Prajurit itu tidak menyahut. Tetapi ia  pun segera membelok ke Barat. Meloncat-loncat di antara puntuk-puntuk padas. Kini mereka sudah meninggalkan tanah persawahan. Mereka telah sampai di padang ilalang yang jarang. Di sana-sini berserak-serakan batu-batu padas yang kelabu. Sesaat kemudian mereka telah sampai di pinggir tebing Sungai Opak. Tebing yang tidak begitu tinggi, sehingga mereka tidak mengalami kesukaran untuk meloncat turun. Kini mereka berempat berjalan di sepanjang pasir tepi Sungai Opak. Mereka berjalan dengan langkah yang panjang ke Selatan. Janji itu mengatakan, bahwa mereka akan bertemu di pinggir Kali Opak di sebelah Barat Pegunungan Baka. Sutawijaya terkejut ketika ia melihat beberapa orang berkerumun di kejauhan. Dengan serta merta ia berkata,
“Apakah kira-kira tempat itu yang disebut oleh Argajaya.”

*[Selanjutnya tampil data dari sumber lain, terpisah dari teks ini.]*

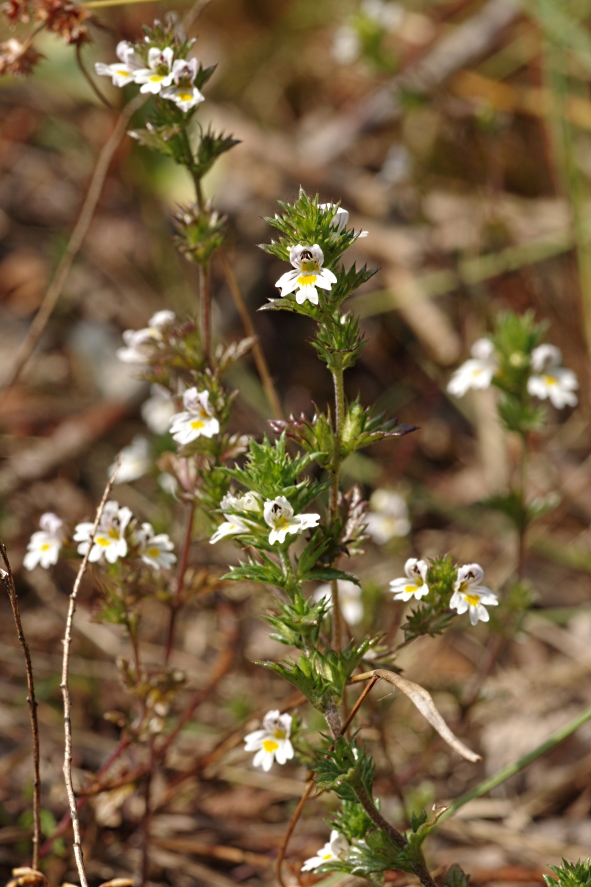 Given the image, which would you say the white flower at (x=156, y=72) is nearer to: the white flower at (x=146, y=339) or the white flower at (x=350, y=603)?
the white flower at (x=146, y=339)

“Tak ada seseorang yang tahu pasti, manakah yang dikehendaki oleh Argajaya. Tetapi pasti di sepanjang tepian ini. Tempat orang berkerumun itu adalah tepat di sebelah Barat ujung Gunung Baka.”
“Mungkin di sana Argajaya menunggu. Ternyata aku datang terlambat.”
Prajurit itu tidak menyahut. Mereka berjalan semakin cepat. Sebelum mereka mendekat, berkatalah Sutawijaya kepada Swandaru,
“Sekali lagi aku minta tolong. Bawalah busurku. Aku hanya akan mempergunakan tombakku.”
Swandaru menarik nafas. Katanya,
“Baiklah. Apakah busurmu tidak sama sekali kau berikan aku Kakang Agung Sedayu.”
Sutawijaya tersenyum. Tetapi wajahnya kini menjadi bersungguh-sungguh. Ia tidak lagi dapat bergurau ketika di hadapannya telah menunggu sekelompok orang yang ingin melihat dirinya berkelahi antara hidup dan mati. Swandaru melihat kesungguhan wajah Sutawijaya itu meskipun sambil tersenyum. Karena itu, maka Swandaru tidak mau bersenda lagi. Wajahnya  pun menjadi bersungguh-sungguh pula ketika kemudian ia menerima busur dan endong anak panah Sutawijaya. Mereka berempat kini berjalan semakin cepat. Namun tak sepatah kata  pun yang terucap. Masing-masing terbenam dalam angan-angannya sendiri.

Tiba-tiba orang-orang yang berkelompok itu  pun mulai bergerak-gerak seperti sarang semut yang tersentuh tangan.